You might've come across the term 'line of best fit' at school if you took an introductory statistics course. Simply put, it is line on a scatter plot that goes through the middle of all data points. In the case of a two dimensional plot, this line will be $y=mx+b$.
The idea behind linear regression in machine learning is to find the 'line of best fit' using mathematics and the processing power of modern day computers to calculate the line that best represents the data.
Suppose you are trying to sell your house and you are given a list of other houses on sale. A typical posting may contain attributes such as size in squared meters, number of bedrooms, and number of carparks, but you can't seem to find a house with similar attributes. The question you might want to ask is, "How can I use the postings list to infer an appropriate price for my house?" Luckily, this problem can be solved used linear regression.
For sake of argument, let's only use the size of the houses to infer the price of your house. Below is a list of house sizes and their corresponding house prices around your area.

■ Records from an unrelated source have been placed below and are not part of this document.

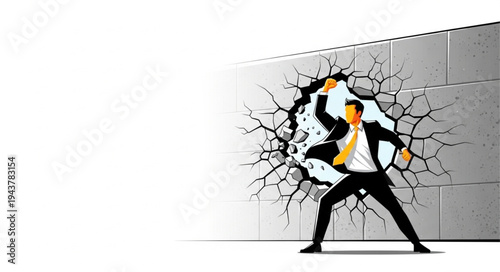 Businessman Breaking Through Wall.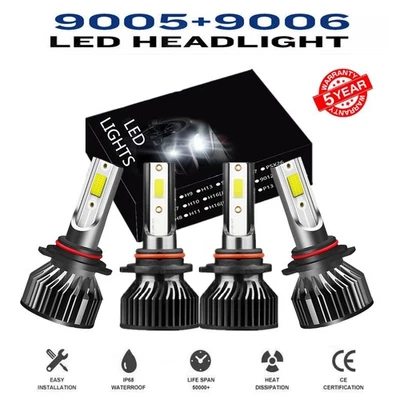 Faros LED altos bajos para Toyota Camry 2002 2003 2004 2005 2006 4X 6000K Foto 1 de 4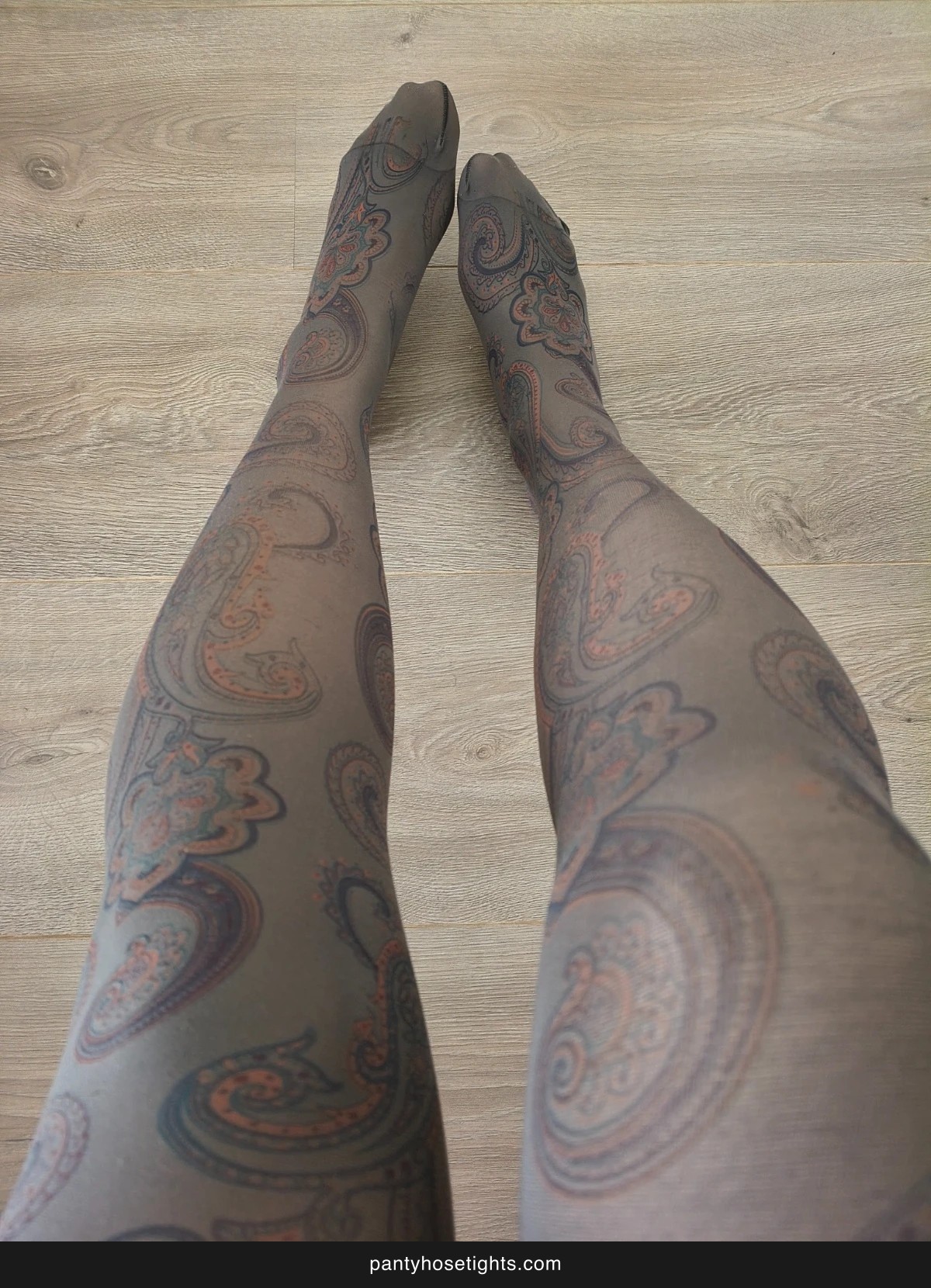 Taupe Paisley-Print Tights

$$ \begin{array}{c|c|c} n & \text{Size ($m^{2}$)} & \text{Price} \\ \hline 1 & 641 & 460 \\ 2 & 432 & 232 \\ 3 & 467 & 315 \\ 4 & 259 & 178 \end{array} $$If we plot the data on a scatter plot, we will get a graph like this:
# Initializing the data in Python
size = [641.0, 432.0, 467.0, 259.0]
price = [460.0, 232.0, 315.0, 178.0]
So now the question is, "How can we perform linear regression on the data to fit a line?". In order to perform linear regression, we first need to start with a random equation of a line in the form of:
$$ f(x) = \theta_{0}x_{0} + \theta_{1}x_{1}, $$where $\theta_{0}$ and $\theta_{1}$ are the two coefficients of the line, namely the y intercept and the slope, $x_{0}$ is always 1 and $x_{1}$ is the size of the house. Furthermore, the coefficients should be randomly chosen between -0.5 and 0.5. There is a good explanation as to why it should be between this range, but as it is beyond the scope of this tutorial, let's just say it's good practice.

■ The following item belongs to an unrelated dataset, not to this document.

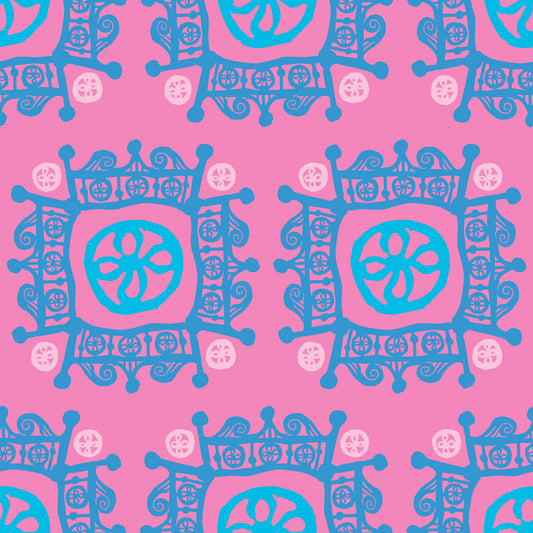 Rock on Royal Pink & Blue features a repeating pattern in pink and blue colors of hand-drawn flowers encased in ornate squares bordered by crown-like flourishes.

The following is an arbitrarily created equation we will be using for the rest of this tutorial:
$$ f(x) = -0.25x_{0} + 0.25x_{1} $$
# Initializing the function coefficients
coefficient = [-0.25, 0.25]
The general approach in linear regression is to start with a randomized equation of a line, and slowly 'tweak' the coefficients of the equation to get as close as possible to the correct position. Before we can even attempt to tweak the coefficients, we need to figure out how off our randomized line is. We can do this by calculating how far each point is from the line, a.k.a. calculating the mean squared error (MSE). The formula for MSE is the following:
$$ J(\theta_{0},\theta_{1}) = {{1 \over n} \sum^{n}_{i=1}{(f(x)-y)^{2}}}.$$Here $f(x)$ refers to the equation of the line we created earlier, y refers to the actual value we are trying to predict, and n is the number of data points we have. If we replace these variables with values we are concerned with for predicting house prices, we will get the following:
$$ \begin{align}J(\theta_{0},\theta_{1}) &= \small \frac{(160 - 460)^{2} + (107.75 - 232)^{2} + (116.5 - 315)^{2} + (64.5 - 178)^{2}}{4} \\ &= 39430.64. \end{align}$$
According to MSE, we have an error of 39430.64, which is a pretty large error. This is because the the size of the houses are quite large relative to the coefficients of the function and we must normalize them so we start with a smaller error and it does not take forever to find the line of best fit. The method we are going to use to normalize the size of the houses is
$$ x' = \frac{x-\bar{x}}{max(x)-min(x)},$$where $x$ is the original value of the size, $\bar{x}$, $max$ and $min$ are the mean, maximum and minimum of the size of houses respectively. Keep in mind that as the points are not lined up properly, it is impossible for us to get an error of zero. This turns out to be the case in most scenarios when we are dealing with real world problems.
# Normalize values
def normalize(x):
mean = sum(x)/float(len(x))
minimum = min(x)
maximum = max(x)
return [(i-mean)/(maximum-minimum) for i in x]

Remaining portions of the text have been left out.